# [TASK REQUIREMENTS]
In the entries below, find the line with "澳门什么时候能解封（澳门什么时候才能解封）" and the line with "monneyron-frederic-la-seduction_0". Print those two and everything between them exactly, and nothing else.

# [SOURCE MATERIAL]

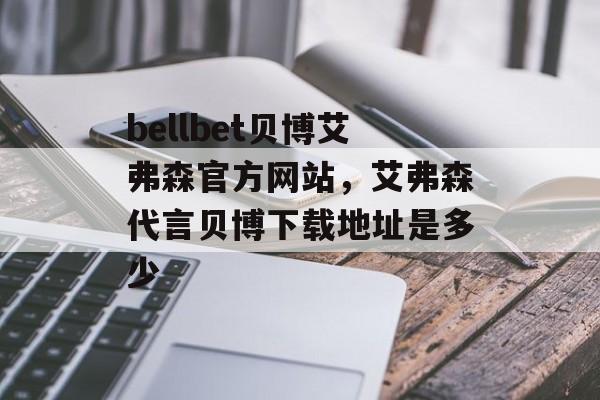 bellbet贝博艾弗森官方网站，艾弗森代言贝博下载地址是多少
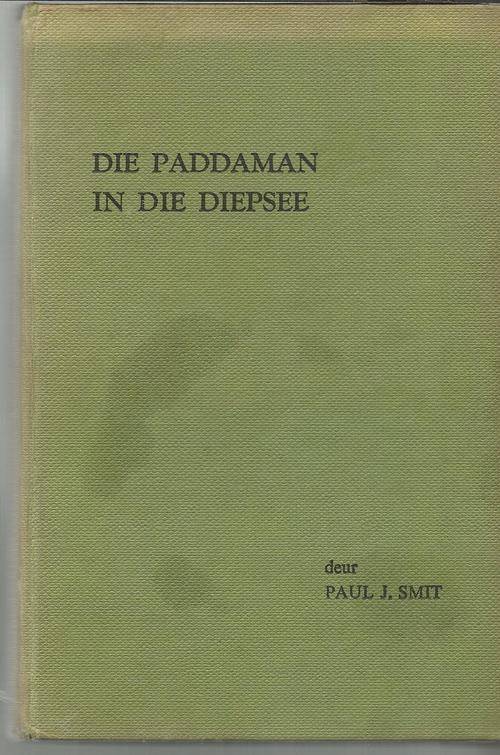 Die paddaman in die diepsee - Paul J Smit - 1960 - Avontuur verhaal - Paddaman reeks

--

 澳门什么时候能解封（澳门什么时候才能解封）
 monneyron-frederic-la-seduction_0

# [SOLUTION TO THIS EXERCISE]
 澳门什么时候能解封（澳门什么时候才能解封）
 monneyron-frederic-la-seduction_0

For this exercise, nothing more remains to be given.